Horace Waller (1833–1896) was an English anti-slavery activist, missionary and clergyman. He was known as a writer on Africa, evangelical Christian, close associate of David Livingstone and others involved in central and east African mission and exploration work, and advocate of British imperial expansion.
Born in London, Waller was educated under Dr. Wadham at Brook Green. He was for some time in business, in London,[1] as a stockbroker.[2]
With the Universities' Mission to Central Africa (UMCA), Waller went out in 1861 to the regions recently visited by David Livingstone and Sir John Kirk. For a period he worked with Charles Frederick Mackenzie, bishop of Central Africa, and was associated with Livingstone in the Zambesi River and Shire Highlands districts.[1]
Returning to England after the death of Mackenzie in 1862, Waller was in 1867 ordained by the bishop of Rochester to the curacy of St. John, Chatham; in 1870 he moved to the vicarage of Leytonstone, Essex, and in 1874 to the rectory of Twywell, near Thrapston, Northamptonshire, which he resigned in 1895.[1]
Opposition to the slave trade was one of the main objects of Waller's life. In 1867 he attended the British and Foreign Anti-Slavery Society's conference in Paris, and in 1870 he became a member of the committee of the Anti-Slavery Society. In 1871 the House of Commons appointed a committee to investigate the East African slave trade; Waller and Edmund Murge pushed it to recommend Sir John Kirk as permanent political agent at Zanzibar. Ultimately a treaty between the Sultan of Zanzibar and Great Britain declared the slave trade by sea to be illegal.[1]
Waller was on good terms with General Charles George Gordon. Hewas elected a fellow of the Royal Geographical Society in 1864, died at East Liss, Hampshire, on 22 February 1896, and was buried at Milland church on 26 February.[1]
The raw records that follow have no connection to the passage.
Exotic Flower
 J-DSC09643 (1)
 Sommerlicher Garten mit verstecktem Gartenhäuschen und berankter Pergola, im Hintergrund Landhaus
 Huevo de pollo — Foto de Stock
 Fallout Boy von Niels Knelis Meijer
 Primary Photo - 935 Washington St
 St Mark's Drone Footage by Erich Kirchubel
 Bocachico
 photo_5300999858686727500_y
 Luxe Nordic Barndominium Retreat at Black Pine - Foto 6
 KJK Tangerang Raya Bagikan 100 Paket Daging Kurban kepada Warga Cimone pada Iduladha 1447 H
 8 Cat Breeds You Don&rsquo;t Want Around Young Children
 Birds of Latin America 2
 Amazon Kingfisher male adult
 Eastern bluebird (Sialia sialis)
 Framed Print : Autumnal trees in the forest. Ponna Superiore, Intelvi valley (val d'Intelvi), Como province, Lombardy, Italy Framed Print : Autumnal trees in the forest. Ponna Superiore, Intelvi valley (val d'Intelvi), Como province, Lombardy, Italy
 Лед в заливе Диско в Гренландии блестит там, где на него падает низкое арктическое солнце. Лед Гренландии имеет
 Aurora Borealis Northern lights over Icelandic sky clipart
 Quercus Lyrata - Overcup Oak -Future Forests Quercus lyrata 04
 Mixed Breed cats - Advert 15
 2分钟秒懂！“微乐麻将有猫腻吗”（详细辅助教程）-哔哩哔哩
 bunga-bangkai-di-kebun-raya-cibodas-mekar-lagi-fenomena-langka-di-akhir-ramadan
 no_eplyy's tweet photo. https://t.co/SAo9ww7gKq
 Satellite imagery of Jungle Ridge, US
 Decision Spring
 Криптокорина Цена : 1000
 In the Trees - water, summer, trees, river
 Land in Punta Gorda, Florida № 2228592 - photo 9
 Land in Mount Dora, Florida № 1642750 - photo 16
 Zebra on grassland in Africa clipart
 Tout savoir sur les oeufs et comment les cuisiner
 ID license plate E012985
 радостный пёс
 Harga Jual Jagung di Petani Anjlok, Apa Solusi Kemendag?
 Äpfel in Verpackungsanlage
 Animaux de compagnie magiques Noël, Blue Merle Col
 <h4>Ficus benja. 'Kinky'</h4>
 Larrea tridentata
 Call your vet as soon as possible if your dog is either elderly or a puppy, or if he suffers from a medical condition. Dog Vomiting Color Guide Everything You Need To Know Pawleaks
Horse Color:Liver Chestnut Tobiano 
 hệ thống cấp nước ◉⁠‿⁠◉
After Henry Morton Stanley succeeded in discovering Livingstone in Africa, Livingstone's journals were given to Waller for publication. They were issued in two volumes in 1874, as The Last Journals of David Livingstone in Central Africa, from 1865 until his death.[1] By omission, the image projected was of Livingstone as saintly; and the editorial line was that of anti-slavery.[3] Waller's edition of the journals has been called "well-intentioned but unduly reverent".[4] In 1891 Sir Harry Johnston criticised Waller for his lack of interest in other sides of Livingstone's work and papers.[5]